*RECORDS TO PROCESS*:
══════

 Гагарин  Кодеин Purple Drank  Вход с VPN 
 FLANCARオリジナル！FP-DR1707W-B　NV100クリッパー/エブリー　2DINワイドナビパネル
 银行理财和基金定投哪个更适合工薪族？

══════

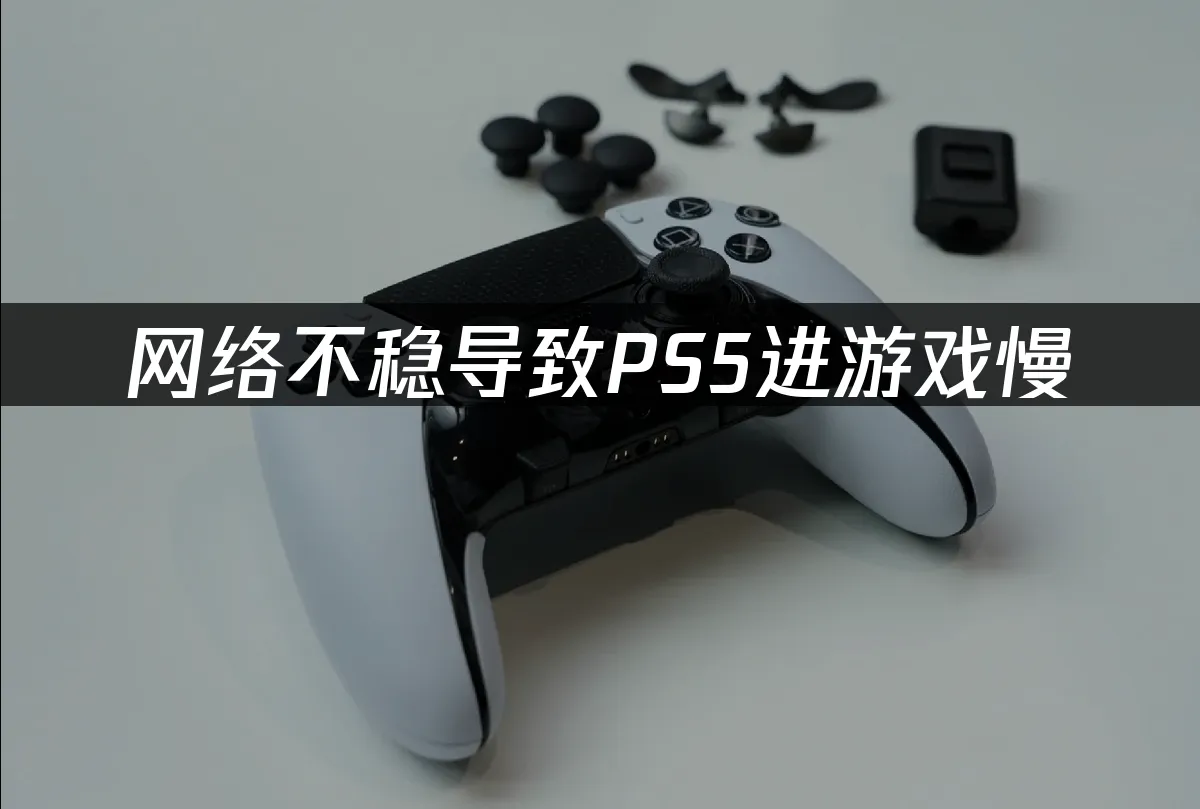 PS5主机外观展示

══════

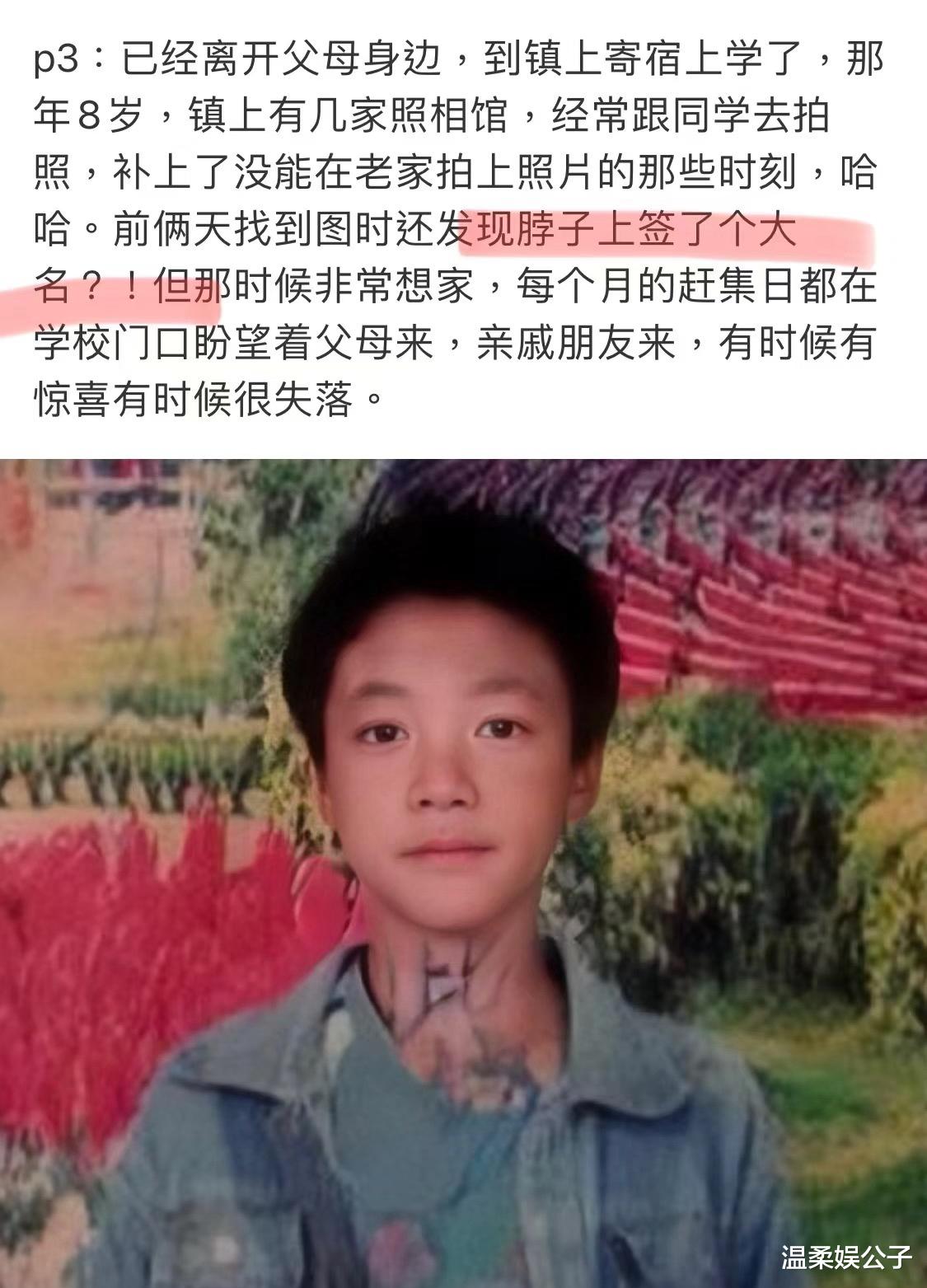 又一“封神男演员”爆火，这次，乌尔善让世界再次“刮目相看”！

══════

*YOUR ASSIGNMENT*: Which lines above run from the one containing "Кодеин Purple Drank" to the one containing "银行理财和基金定投哪个更适合工薪族？"? Give them again exactly, both ends included.

*OUTPUT OF THE TASK*:
 Гагарин  Кодеин Purple Drank  Вход с VPN 
 FLANCARオリジナル！FP-DR1707W-B　NV100クリッパー/エブリー　2DINワイドナビパネル
 银行理财和基金定投哪个更适合工薪族？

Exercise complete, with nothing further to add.